__Assignment__:
Your task is to reproduce exactly the lines from the one containing "If you forgot" through the last line below, both ends included, and nothing else, with no pictures.

__Data below__:
=== Begin Enclosure ===
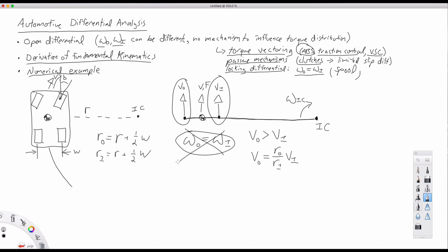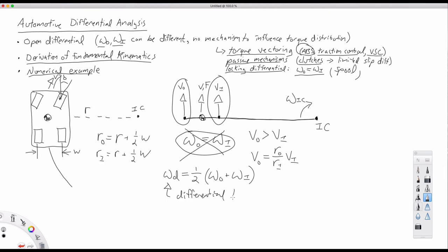If a differential is used, we don't have that kinematic constraint — we can have different velocities between inboard and outboard tires, allowing us to go around a curve without either tire sliding. But as we learned in the last lecture, while we can have different angular velocities, there is still a kinematic constraint: if omega-d is the angular velocity of the differential housing, then omega-d equals one half of the sum of omega-outboard plus omega-inboard.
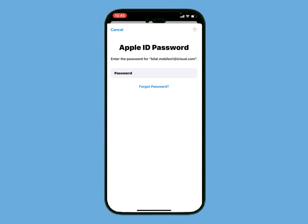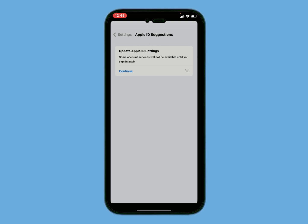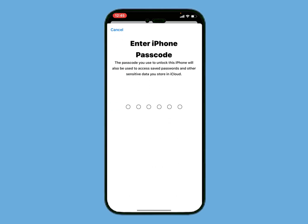If you forgot your Apple ID password, simply tap on Forgot It. It will take some seconds to wait. Enter your iPhone passcode.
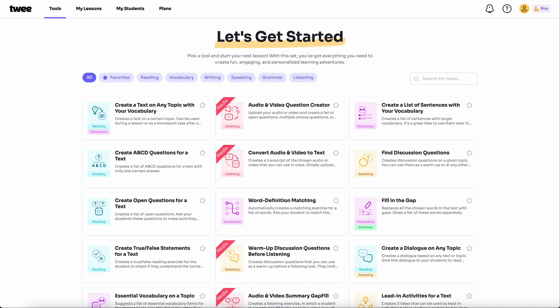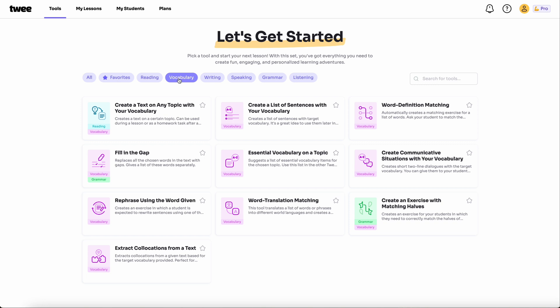After logging into your TWI account, you'll land on the Tools page. Click on Vocabulary Tools or use the search bar to find the tool. Click on it to open a new lesson with the word definition matching tool.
=== End Enclosure ===
__Exercise result__:
If you forgot your Apple ID password, simply tap on Forgot It. It will take some seconds to wait. Enter your iPhone passcode.
After logging into your TWI account, you'll land on the Tools page. Click on Vocabulary Tools or use the search bar to find the tool. Click on it to open a new lesson with the word definition matching tool.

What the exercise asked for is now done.